Topswara.com -- Debat ketiga capres sama sekali tidak tampak sebagai debat yang berkualitas, melalui ekplorasi gahasan dan menemukan terobosan. Namun lebih sebagai debat untuk menyudutkan lawan bicara, memprovokasi, dan sangat kuat kecendrungan subyektifitas pribadi dalam menilai lawan debat atau fokus mencari kesalahan lawan tetapi tidak dalam konteks materi debat. Mirip orang putus pacar, salah dicari sampai lobang semut.
Padahal tema debat kali ini adalah tema yang berat bagi masyarakat umum dan masalah yang didebat adalah kompleks dan tidak linier. Debat tema ini sangat kuat aspek ekonomi politiknya dan memang itulah tools yang baik dalam memahami dan memecahkan masalah bangsa saat ini.
Debat ini mengambil tema pertahanan keamanan, hubungan luar negeri, geopolitik dll. Sangat banyak tema dan banyak masalah yang dapat dieksplorasi dalam debat ini sebenarnya. Karena debat ini juga seharusnya menunjukkan kepada internasional betapa berkualitasnya bangsa kita.
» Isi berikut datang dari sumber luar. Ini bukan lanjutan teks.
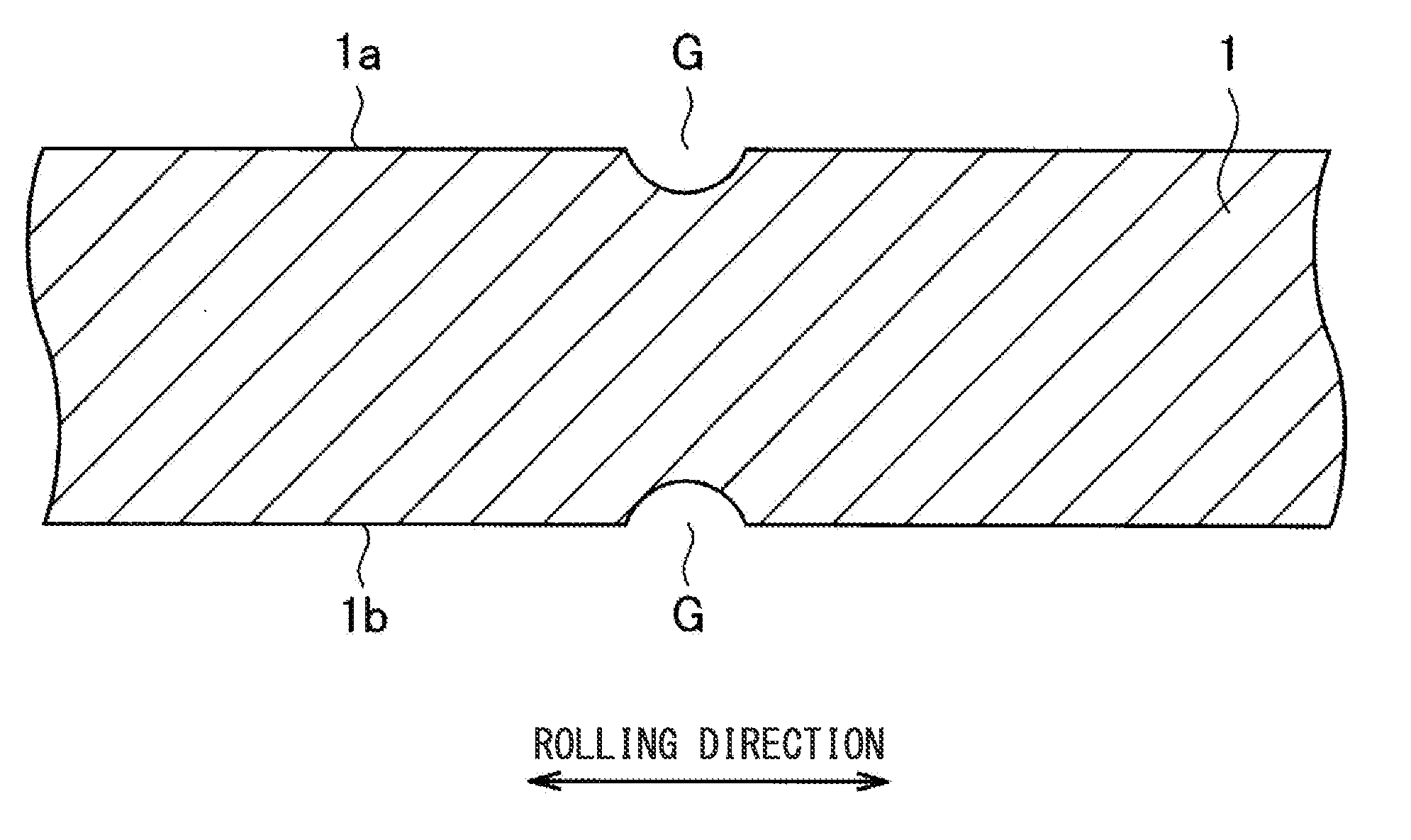 Grain-oriented magnetic steel sheet and method of producing the same
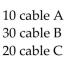 Solve the problem. -A company makes 3 types of cable. Cable A requires 3 black, 3 white, and 2 red wires. B requires 1 black, 2 white, and 1 red. C requires 2 black, 1 white, and 2 red. They used 100 black, 110 white and 90 red wires. How Many of each cable were made? A)    B)    C)    D)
Tetapi apa boleh buat, ini masih gaya emak-emak ngerumpi.
Terkait pertahanan keamanan banyak masalah besar yang dihadapi Indonesia terutama sekali pembetukan AUKUS yang membawa kapal selam nuklir ke Australia sebagai ancaman pertahanan keamanan paling serius bagi Indonesia.
Indonesia juga harus memainkan peran oenting dalam konflik laut Cina Selatan, stabilitas kawasan Asia, ASEAN, masalah pembebasan Palestina, konflik di Myanmar dan penanganan Pengungsi dan lain sebagainya.
Masalah keamanan nasional juga masih begitu banyak terkait dengan masalah pencucian uang, kejahatan transnasional yang melibatkan transaksi uang kotor, perjanjian mengenai penanganan korupsi, kejahatan keuangan, perjanjian anti pencucian uang, pembobolan data pribadi, kerusakan data akibat korupsi E-KTP dan lain sebagainya, kekacauan ITE Indonesia akibat korupsi tower.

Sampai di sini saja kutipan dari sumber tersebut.